- [What to work on] Send back the records in full, character for character.

- [Dataset]
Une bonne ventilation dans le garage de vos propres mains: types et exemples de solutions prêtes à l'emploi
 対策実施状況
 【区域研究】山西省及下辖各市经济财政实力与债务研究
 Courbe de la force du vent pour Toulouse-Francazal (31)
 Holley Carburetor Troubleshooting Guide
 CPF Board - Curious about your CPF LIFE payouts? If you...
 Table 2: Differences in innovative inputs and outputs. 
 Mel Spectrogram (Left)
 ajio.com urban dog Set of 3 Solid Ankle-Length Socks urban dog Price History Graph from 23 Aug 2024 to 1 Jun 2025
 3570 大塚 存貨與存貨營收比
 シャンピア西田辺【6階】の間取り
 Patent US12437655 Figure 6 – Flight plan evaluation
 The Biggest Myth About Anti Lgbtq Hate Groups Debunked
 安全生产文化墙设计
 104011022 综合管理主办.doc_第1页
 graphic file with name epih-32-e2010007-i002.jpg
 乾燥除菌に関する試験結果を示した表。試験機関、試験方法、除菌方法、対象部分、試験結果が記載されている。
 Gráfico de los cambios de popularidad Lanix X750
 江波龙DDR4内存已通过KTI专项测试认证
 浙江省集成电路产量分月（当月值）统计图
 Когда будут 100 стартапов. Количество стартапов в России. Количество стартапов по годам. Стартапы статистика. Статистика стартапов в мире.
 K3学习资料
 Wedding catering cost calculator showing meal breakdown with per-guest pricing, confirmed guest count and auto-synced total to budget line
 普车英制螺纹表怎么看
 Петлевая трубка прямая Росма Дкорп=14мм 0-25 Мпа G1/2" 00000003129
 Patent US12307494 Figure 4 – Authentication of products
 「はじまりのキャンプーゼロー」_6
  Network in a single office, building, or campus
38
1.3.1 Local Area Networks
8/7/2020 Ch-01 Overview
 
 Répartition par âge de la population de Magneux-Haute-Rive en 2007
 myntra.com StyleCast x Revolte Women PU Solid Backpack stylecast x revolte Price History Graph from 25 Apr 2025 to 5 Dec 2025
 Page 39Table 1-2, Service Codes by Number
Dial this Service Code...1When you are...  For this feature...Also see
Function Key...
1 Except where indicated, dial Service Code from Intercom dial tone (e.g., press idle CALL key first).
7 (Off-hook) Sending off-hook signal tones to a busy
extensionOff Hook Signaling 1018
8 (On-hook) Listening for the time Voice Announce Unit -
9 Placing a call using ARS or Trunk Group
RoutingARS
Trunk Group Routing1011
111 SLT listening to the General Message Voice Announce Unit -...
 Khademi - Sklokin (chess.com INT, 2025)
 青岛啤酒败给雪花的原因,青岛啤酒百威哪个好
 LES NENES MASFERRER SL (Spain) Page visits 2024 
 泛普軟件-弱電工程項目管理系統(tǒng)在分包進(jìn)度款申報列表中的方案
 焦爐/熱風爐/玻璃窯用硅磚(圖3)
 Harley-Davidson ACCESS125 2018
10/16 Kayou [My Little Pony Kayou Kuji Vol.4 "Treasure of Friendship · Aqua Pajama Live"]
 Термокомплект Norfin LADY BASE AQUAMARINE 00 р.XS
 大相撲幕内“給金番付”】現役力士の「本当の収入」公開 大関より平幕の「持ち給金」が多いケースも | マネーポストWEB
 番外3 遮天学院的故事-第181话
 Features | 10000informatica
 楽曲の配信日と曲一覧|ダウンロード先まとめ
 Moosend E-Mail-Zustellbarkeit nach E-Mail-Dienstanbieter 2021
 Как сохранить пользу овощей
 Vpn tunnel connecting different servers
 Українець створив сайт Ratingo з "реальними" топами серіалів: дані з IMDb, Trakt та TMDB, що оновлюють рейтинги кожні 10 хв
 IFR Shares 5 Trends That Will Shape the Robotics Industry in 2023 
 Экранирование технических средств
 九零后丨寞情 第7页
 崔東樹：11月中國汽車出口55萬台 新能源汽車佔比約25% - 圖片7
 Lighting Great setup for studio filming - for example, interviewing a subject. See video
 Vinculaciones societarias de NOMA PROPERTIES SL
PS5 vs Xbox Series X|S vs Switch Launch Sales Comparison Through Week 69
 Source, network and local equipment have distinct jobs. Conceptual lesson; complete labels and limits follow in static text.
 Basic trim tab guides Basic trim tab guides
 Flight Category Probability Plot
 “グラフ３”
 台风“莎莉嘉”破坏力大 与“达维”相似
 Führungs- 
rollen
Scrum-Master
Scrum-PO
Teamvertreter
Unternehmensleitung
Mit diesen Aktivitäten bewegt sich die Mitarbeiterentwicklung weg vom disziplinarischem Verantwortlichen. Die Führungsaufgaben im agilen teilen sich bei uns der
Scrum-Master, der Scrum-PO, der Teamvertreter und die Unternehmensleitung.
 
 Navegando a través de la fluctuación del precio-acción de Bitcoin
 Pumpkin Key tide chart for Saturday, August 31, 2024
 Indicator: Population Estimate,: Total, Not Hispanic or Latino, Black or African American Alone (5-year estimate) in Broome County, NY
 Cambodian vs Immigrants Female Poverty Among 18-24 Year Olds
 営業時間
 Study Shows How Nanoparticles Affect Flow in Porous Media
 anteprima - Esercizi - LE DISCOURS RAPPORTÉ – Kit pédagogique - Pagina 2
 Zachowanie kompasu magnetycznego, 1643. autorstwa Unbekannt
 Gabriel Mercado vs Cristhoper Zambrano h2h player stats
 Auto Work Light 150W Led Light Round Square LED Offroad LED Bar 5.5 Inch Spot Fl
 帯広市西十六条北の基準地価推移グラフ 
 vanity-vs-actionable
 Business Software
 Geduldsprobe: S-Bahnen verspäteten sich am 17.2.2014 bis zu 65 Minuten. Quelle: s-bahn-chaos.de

- [Response to the exercise]
Une bonne ventilation dans le garage de vos propres mains: types et exemples de solutions prêtes à l'emploi
 対策実施状況
 【区域研究】山西省及下辖各市经济财政实力与债务研究
 Courbe de la force du vent pour Toulouse-Francazal (31)
 Holley Carburetor Troubleshooting Guide
 CPF Board - Curious about your CPF LIFE payouts? If you...
 Table 2: Differences in innovative inputs and outputs. 
 Mel Spectrogram (Left)
 ajio.com urban dog Set of 3 Solid Ankle-Length Socks urban dog Price History Graph from 23 Aug 2024 to 1 Jun 2025
 3570 大塚 存貨與存貨營收比
 シャンピア西田辺【6階】の間取り
 Patent US12437655 Figure 6 – Flight plan evaluation
 The Biggest Myth About Anti Lgbtq Hate Groups Debunked
 安全生产文化墙设计
 104011022 综合管理主办.doc_第1页
 graphic file with name epih-32-e2010007-i002.jpg
 乾燥除菌に関する試験結果を示した表。試験機関、試験方法、除菌方法、対象部分、試験結果が記載されている。
 Gráfico de los cambios de popularidad Lanix X750
 江波龙DDR4内存已通过KTI专项测试认证
 浙江省集成电路产量分月（当月值）统计图
 Когда будут 100 стартапов. Количество стартапов в России. Количество стартапов по годам. Стартапы статистика. Статистика стартапов в мире.
 K3学习资料
 Wedding catering cost calculator showing meal breakdown with per-guest pricing, confirmed guest count and auto-synced total to budget line
 普车英制螺纹表怎么看
 Петлевая трубка прямая Росма Дкорп=14мм 0-25 Мпа G1/2" 00000003129
 Patent US12307494 Figure 4 – Authentication of products
 「はじまりのキャンプーゼロー」_6
  Network in a single office, building, or campus
38
1.3.1 Local Area Networks
8/7/2020 Ch-01 Overview
 
 Répartition par âge de la population de Magneux-Haute-Rive en 2007
 myntra.com StyleCast x Revolte Women PU Solid Backpack stylecast x revolte Price History Graph from 25 Apr 2025 to 5 Dec 2025
 Page 39Table 1-2, Service Codes by Number
Dial this Service Code...1When you are...  For this feature...Also see
Function Key...
1 Except where indicated, dial Service Code from Intercom dial tone (e.g., press idle CALL key first).
7 (Off-hook) Sending off-hook signal tones to a busy
extensionOff Hook Signaling 1018
8 (On-hook) Listening for the time Voice Announce Unit -
9 Placing a call using ARS or Trunk Group
RoutingARS
Trunk Group Routing1011
111 SLT listening to the General Message Voice Announce Unit -...
 Khademi - Sklokin (chess.com INT, 2025)
 青岛啤酒败给雪花的原因,青岛啤酒百威哪个好
 LES NENES MASFERRER SL (Spain) Page visits 2024 
 泛普軟件-弱電工程項目管理系統(tǒng)在分包進(jìn)度款申報列表中的方案
 焦爐/熱風爐/玻璃窯用硅磚(圖3)
 Harley-Davidson ACCESS125 2018
10/16 Kayou [My Little Pony Kayou Kuji Vol.4 "Treasure of Friendship · Aqua Pajama Live"]
 Термокомплект Norfin LADY BASE AQUAMARINE 00 р.XS
 大相撲幕内“給金番付”】現役力士の「本当の収入」公開 大関より平幕の「持ち給金」が多いケースも | マネーポストWEB
 番外3 遮天学院的故事-第181话
 Features | 10000informatica
 楽曲の配信日と曲一覧|ダウンロード先まとめ
 Moosend E-Mail-Zustellbarkeit nach E-Mail-Dienstanbieter 2021
 Как сохранить пользу овощей
 Vpn tunnel connecting different servers
 Українець створив сайт Ratingo з "реальними" топами серіалів: дані з IMDb, Trakt та TMDB, що оновлюють рейтинги кожні 10 хв
 IFR Shares 5 Trends That Will Shape the Robotics Industry in 2023 
 Экранирование технических средств
 九零后丨寞情 第7页
 崔東樹：11月中國汽車出口55萬台 新能源汽車佔比約25% - 圖片7
 Lighting Great setup for studio filming - for example, interviewing a subject. See video
 Vinculaciones societarias de NOMA PROPERTIES SL
PS5 vs Xbox Series X|S vs Switch Launch Sales Comparison Through Week 69
 Source, network and local equipment have distinct jobs. Conceptual lesson; complete labels and limits follow in static text.
 Basic trim tab guides Basic trim tab guides
 Flight Category Probability Plot
 “グラフ３”
 台风“莎莉嘉”破坏力大 与“达维”相似
 Führungs- 
rollen
Scrum-Master
Scrum-PO
Teamvertreter
Unternehmensleitung
Mit diesen Aktivitäten bewegt sich die Mitarbeiterentwicklung weg vom disziplinarischem Verantwortlichen. Die Führungsaufgaben im agilen teilen sich bei uns der
Scrum-Master, der Scrum-PO, der Teamvertreter und die Unternehmensleitung.
 
 Navegando a través de la fluctuación del precio-acción de Bitcoin
 Pumpkin Key tide chart for Saturday, August 31, 2024
 Indicator: Population Estimate,: Total, Not Hispanic or Latino, Black or African American Alone (5-year estimate) in Broome County, NY
 Cambodian vs Immigrants Female Poverty Among 18-24 Year Olds
 営業時間
 Study Shows How Nanoparticles Affect Flow in Porous Media
 anteprima - Esercizi - LE DISCOURS RAPPORTÉ – Kit pédagogique - Pagina 2
 Zachowanie kompasu magnetycznego, 1643. autorstwa Unbekannt
 Gabriel Mercado vs Cristhoper Zambrano h2h player stats
 Auto Work Light 150W Led Light Round Square LED Offroad LED Bar 5.5 Inch Spot Fl
 帯広市西十六条北の基準地価推移グラフ 
 vanity-vs-actionable
 Business Software
 Geduldsprobe: S-Bahnen verspäteten sich am 17.2.2014 bis zu 65 Minuten. Quelle: s-bahn-chaos.de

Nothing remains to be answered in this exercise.